Die Existenz extremistischer Einstellungen und Orientierungen, Organisationen und Parteien in einer offenen und pluralistischen Gesellschaft ist ein „normales" Phänomen. Es wird immer politische Tendenzen gegen die Normen und Regeln eines demokratischen Verfassungsstaates geben. Letztendlich belegen sie sogar die Geltung und Realität von Grundfreiheiten und Grundrechten - welche eben auch Extremisten bis zum Überschreiten der Schwelle zur strafrechtlichen Relevanz in Anspruch nehmen dürfen und können.

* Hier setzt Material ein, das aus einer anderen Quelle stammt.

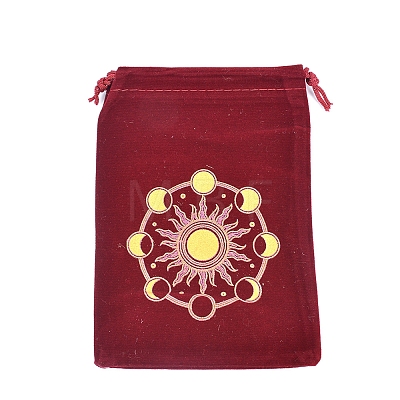 Velvet Moon Phase Printed Packing Tarot Pouches PW-WG17539-21-1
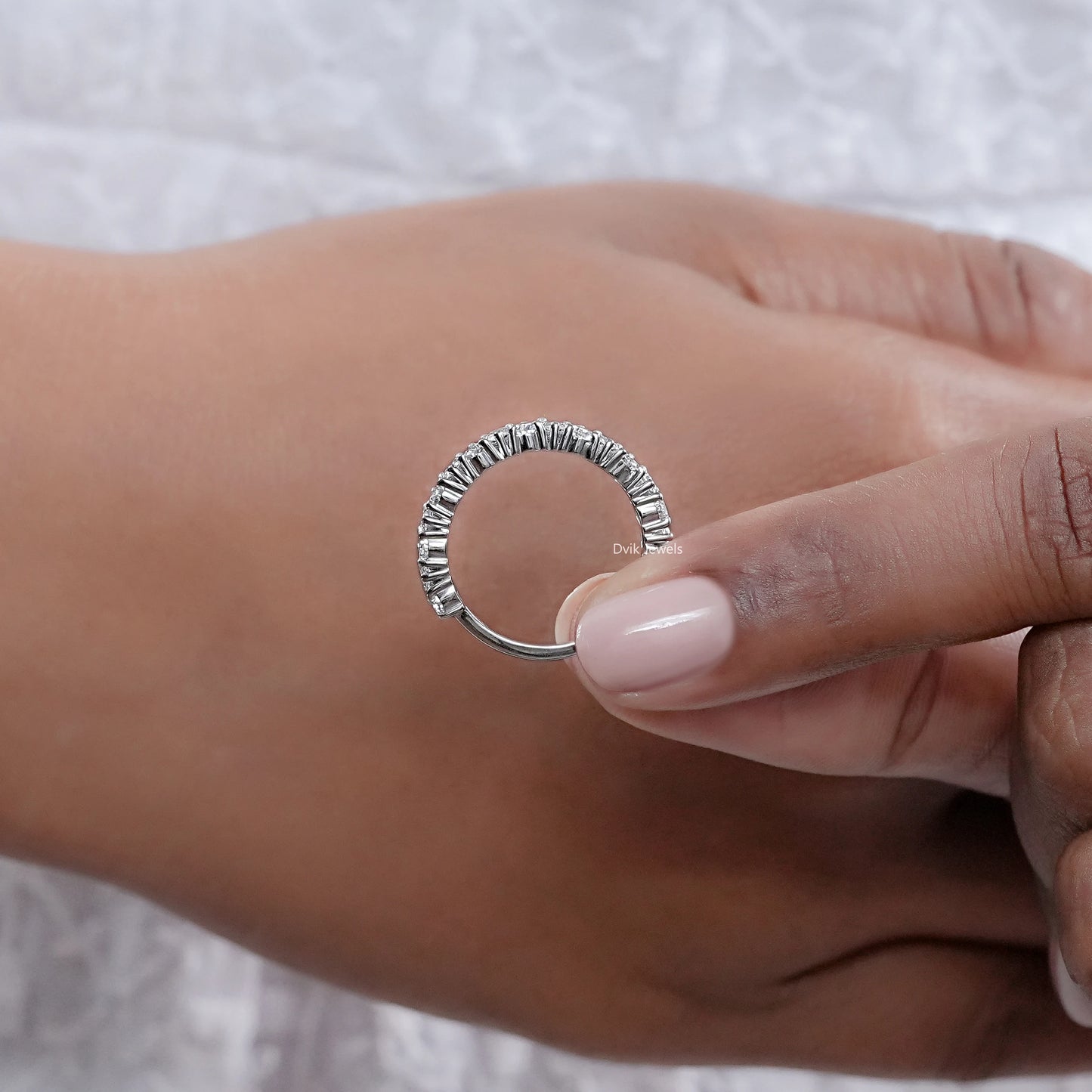 Pear Cut Lab Diamond Eternity Band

Demnach besteht in demokratietheoretischer Sicht in der hohen Bedeutung und nicht im schlichten Vorhandensein des Extremismus eine Gefahr. Das Phantasieren über ein „Viertes Reich" in Hinterzimmern stellt keine Bedrohung dar, die Entscheidung vieler Wähler zugunsten einer solchen Partei demgegenüber schon. Sie macht auch eine gesellschaftliche und staatliche Gegenwehr und Reaktion nötig.

Es sollte dabei mehr um die externe und weniger um die interne Dimension der politischen Bedeutung des Extremismus gehen: Wenn das politische „Angebot" der NPD in bestimmten Regionen Deutschlands eine Zustimmung von einem Fünftel der Wähler auslöst, dann bedarf es im öffentlichen Raum einer kritischen inhaltlichen Auseinandersetzung mit deren politischen Positionen. Da die NPD im Unterschied zu den erfolgreichen rechtsextremistischen Parteien im europäischen Ausland ihre Frontstellung gegen die Normen des demokratischen Verfassungsstaates ebenso offen zu erkennen gibt wie ihre Nähe zur Ideologie des historischen Nationalsozialismus, dürfte ein solches Vorgehen ungleich leichter sein. Mitunter mag auch schon die genaue Hinterfragung einzelner Behauptungen oder Programmpunkte genügen: Wie sollen bestimmte Forderungen umgesetzt werden? Welche gesellschaftlichen Folgen hätte ein solches Vorgehen? Angesichts des Mangels an realistischen Alternativen und intellektuellen Potentialen bei der NPD dürfte eine solche Auseinandersetzung relativ einfach zu gewinnen sein. Um so erschreckender ist die mitunter auszumachende Hilflosigkeit etablierter Politik.

Engagement der Zivilgesellschaft

Und wenn die NPD mit Angehörigen der Neonazi- und Skinhead-Szene in bestimmten Regionen eine alltagskulturelle Dominanz erreicht hat, dann bedarf es eines Engagements der viel beschworenen „Zivilgesellschaft", die ihr die Eroberung des öffentlichen Raumes und die Hegemonie über bestimmte Regionen streitig macht. Es muss hier noch einmal daran erinnert werden, dass die NPD lediglich über 7.000 bis 8.000 Mitglieder, die Neonazi-Szene nur über 4.000 bis 5.000 Aktivisten und die Skinhead-Szene allenfalls um die 10.000 Personen verfügt. Demnach lässt sich nicht von einer bundesweit präsenten Massenbewegung sprechen. Allenfalls kann das rechtsextremistische Lager für wenige Regionen eine zeitweilige soziale Dominanz geltend machen. Anstatt auf eine umfassende Verbotspolitik gegenüber diesem politischen Spektrum auch bei öffentlichen Aufmärschen zu setzen, sollte durch ein Mehrfaches an friedlichen Gegendemonstranten ein klarer Eindruck des tatsächlichen Kräfteverhältnisses von Demokraten und Rechtsextremisten deutlich werden.